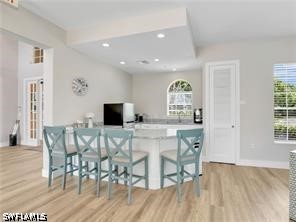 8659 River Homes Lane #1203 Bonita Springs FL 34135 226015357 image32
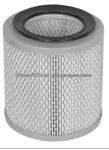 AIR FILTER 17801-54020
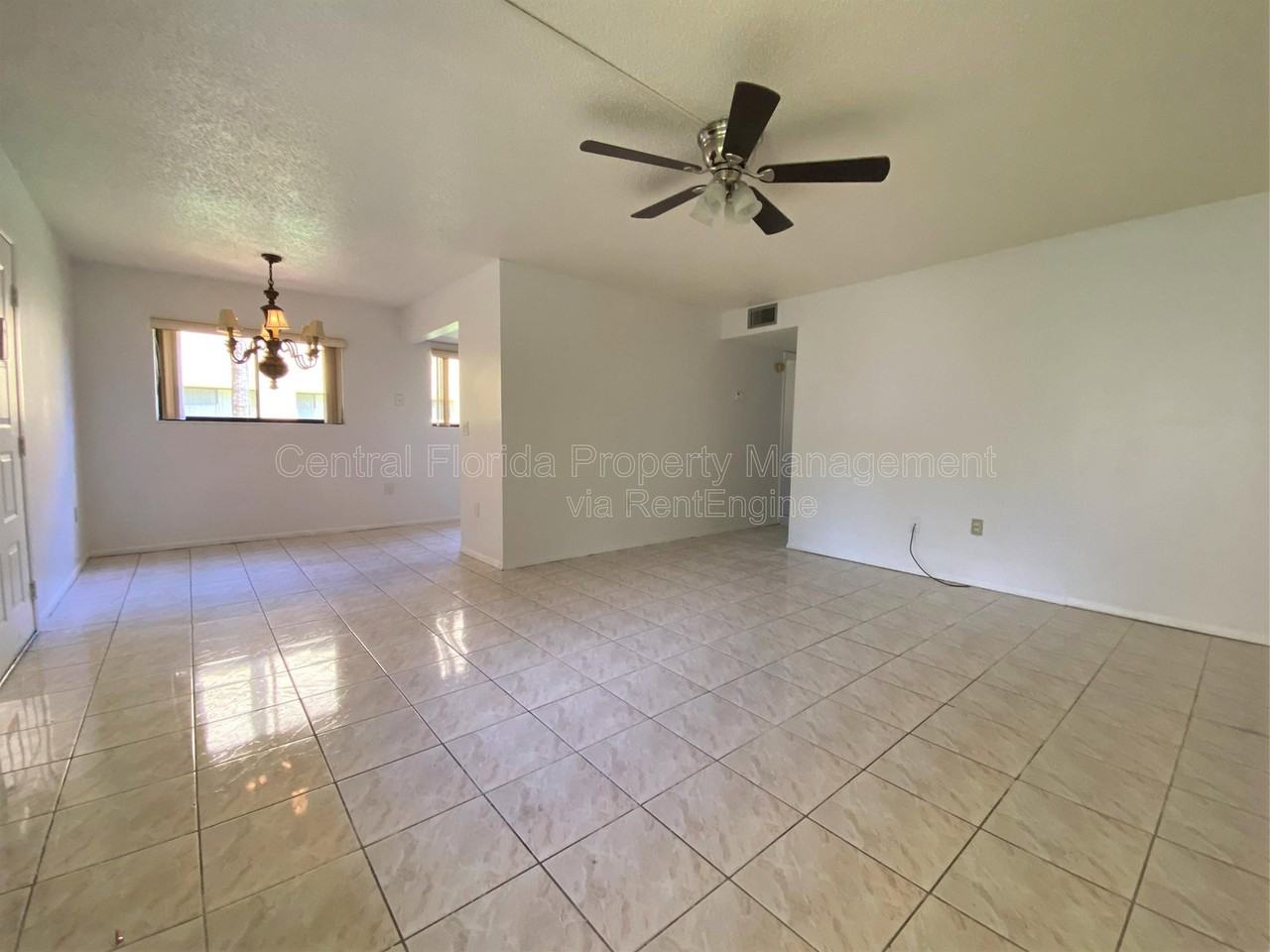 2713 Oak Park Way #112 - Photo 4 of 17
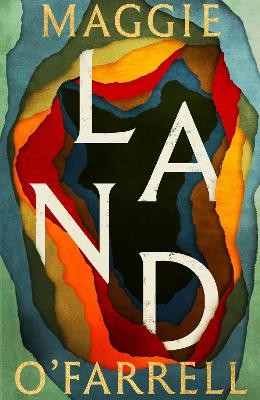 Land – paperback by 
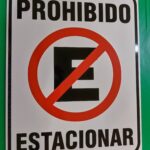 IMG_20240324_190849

--- --- ---

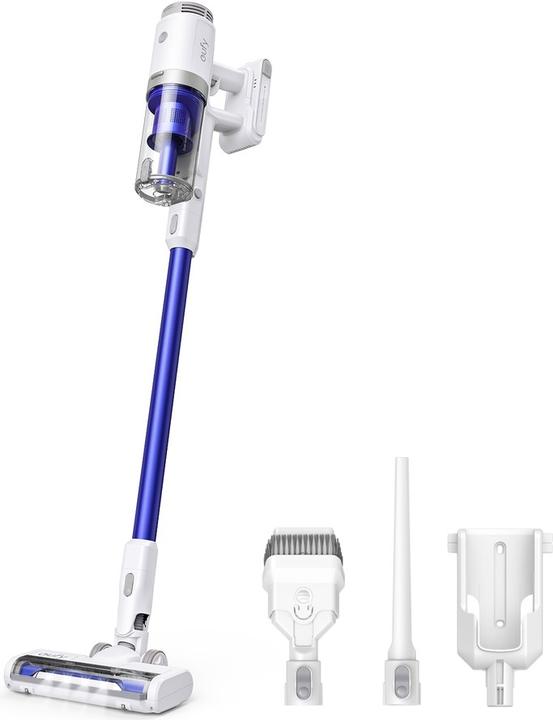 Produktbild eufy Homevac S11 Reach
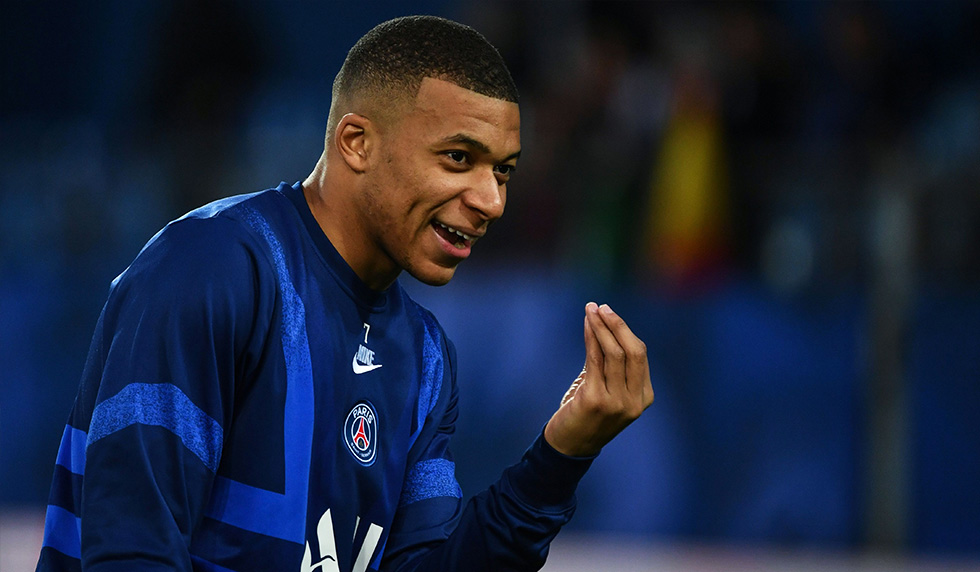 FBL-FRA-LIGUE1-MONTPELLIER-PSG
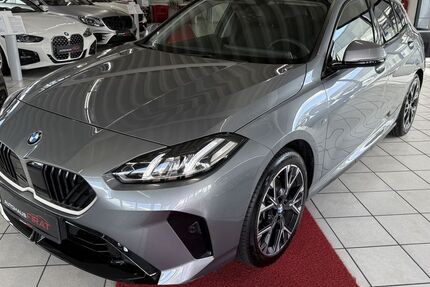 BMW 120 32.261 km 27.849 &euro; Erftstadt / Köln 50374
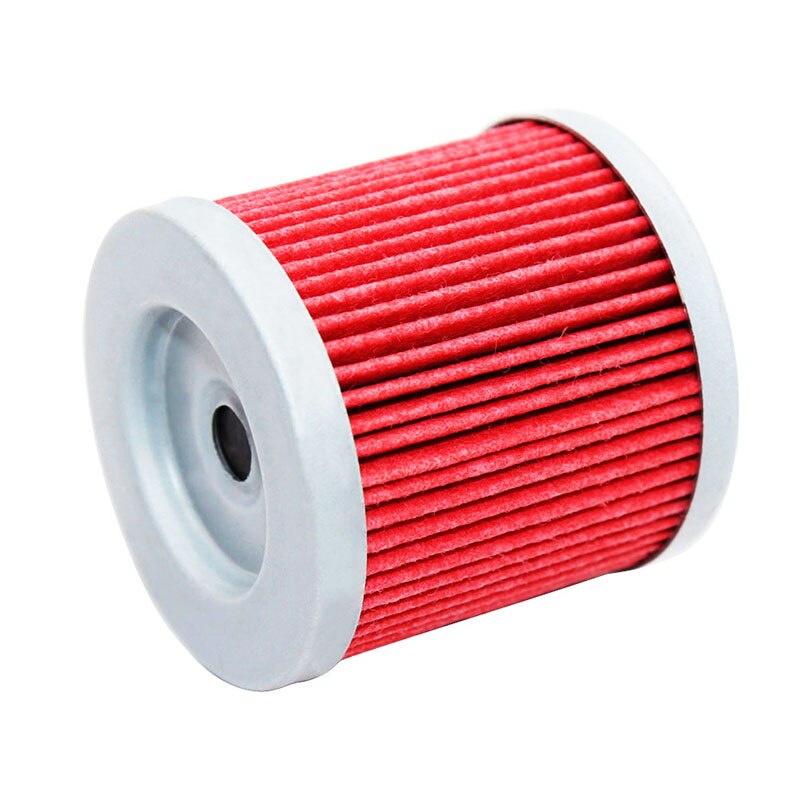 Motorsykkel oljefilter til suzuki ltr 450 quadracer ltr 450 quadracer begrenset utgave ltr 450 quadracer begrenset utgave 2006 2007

--- --- ---

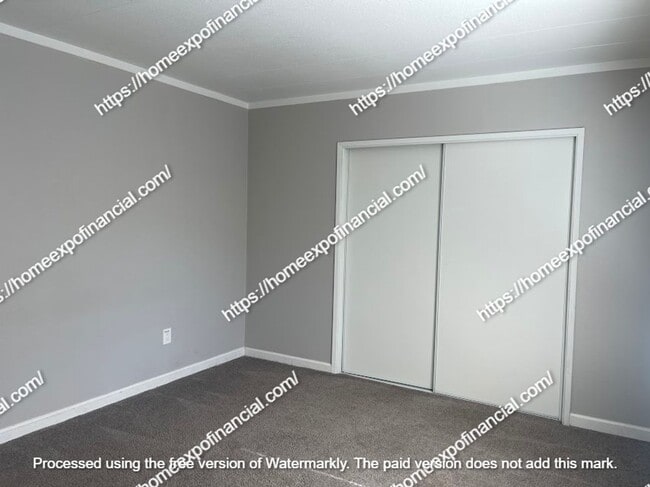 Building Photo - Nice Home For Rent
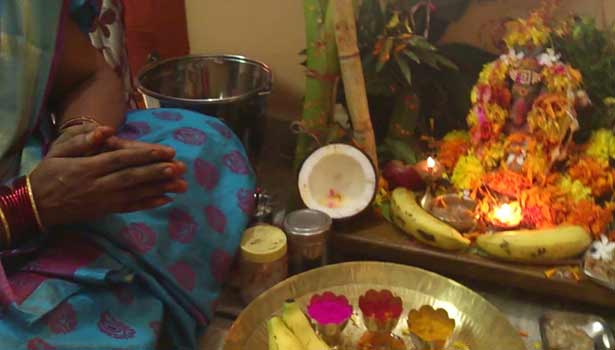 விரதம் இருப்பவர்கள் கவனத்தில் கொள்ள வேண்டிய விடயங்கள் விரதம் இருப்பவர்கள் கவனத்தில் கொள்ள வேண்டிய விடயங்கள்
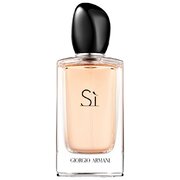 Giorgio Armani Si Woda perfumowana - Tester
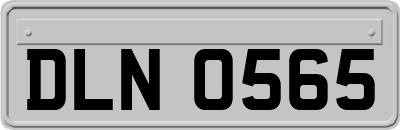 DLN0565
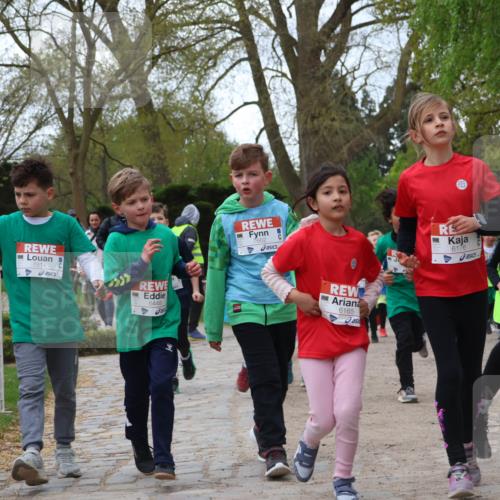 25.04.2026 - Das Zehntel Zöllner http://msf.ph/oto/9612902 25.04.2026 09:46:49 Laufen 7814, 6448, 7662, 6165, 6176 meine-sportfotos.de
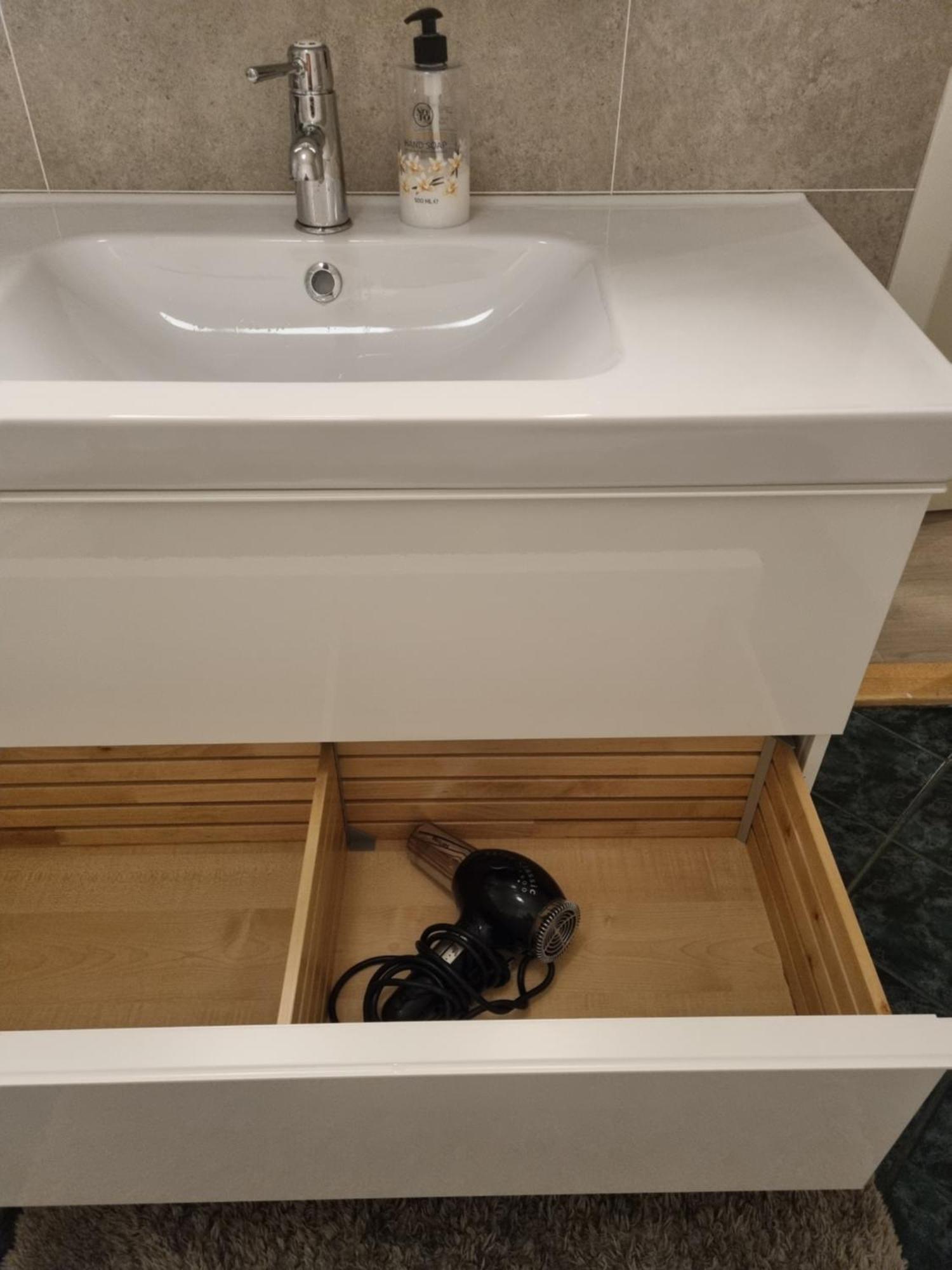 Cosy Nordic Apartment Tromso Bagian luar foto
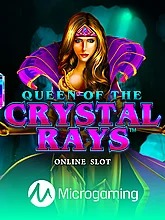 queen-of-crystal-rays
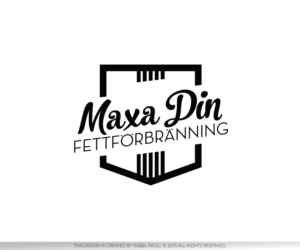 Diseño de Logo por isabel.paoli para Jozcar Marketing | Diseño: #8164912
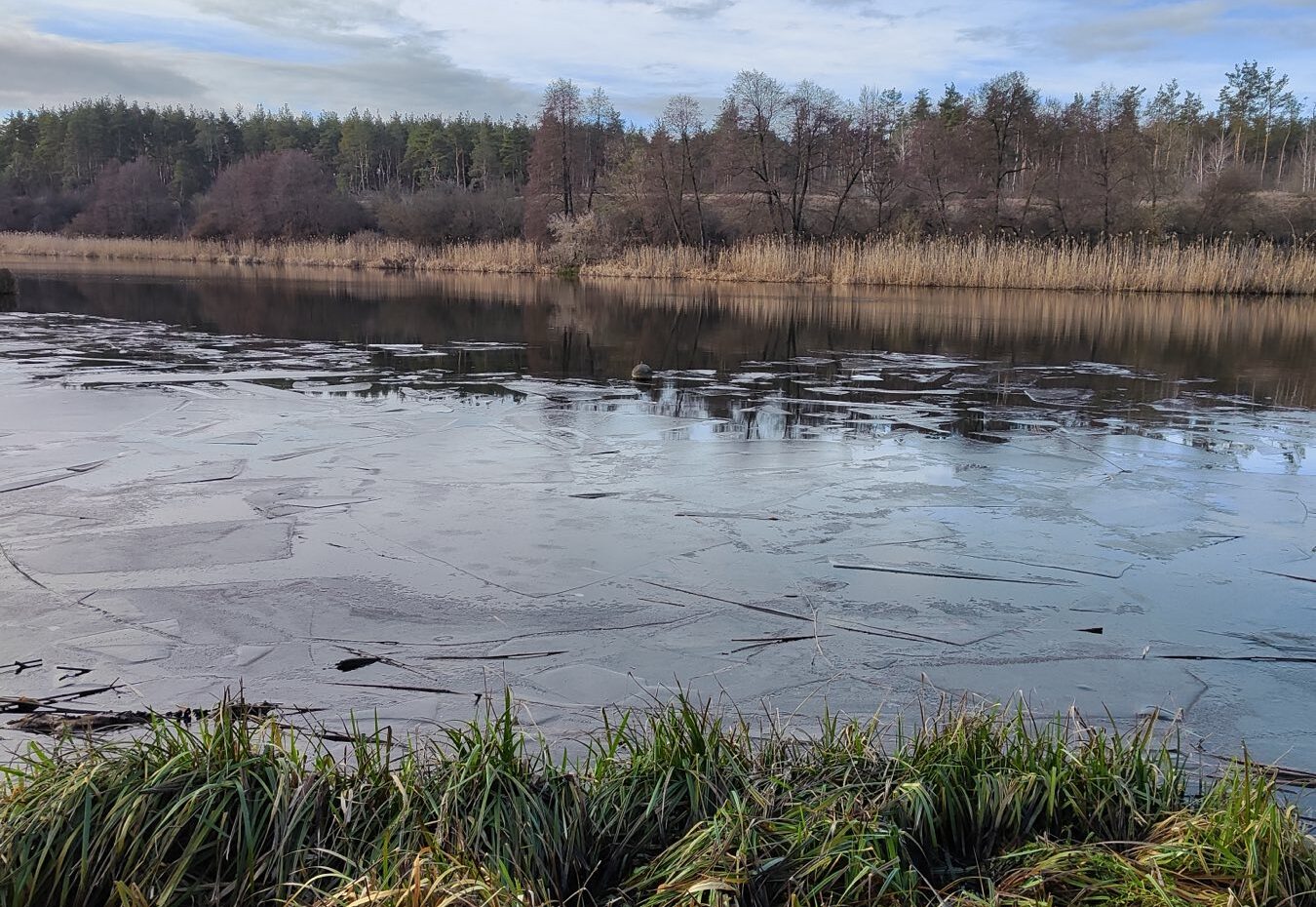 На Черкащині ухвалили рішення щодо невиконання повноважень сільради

--- --- ---

▸ **What you will do**: From the material above, output only the span of lines that starts at the one containing "8659 River Homes" and finishes at the one containing "IMG_20240324_190849", word for word and free of pictures.

▸ **Answer area**:
 8659 River Homes Lane #1203 Bonita Springs FL 34135 226015357 image32
 AIR FILTER 17801-54020
 2713 Oak Park Way #112 - Photo 4 of 17
 Land – paperback by 
 IMG_20240324_190849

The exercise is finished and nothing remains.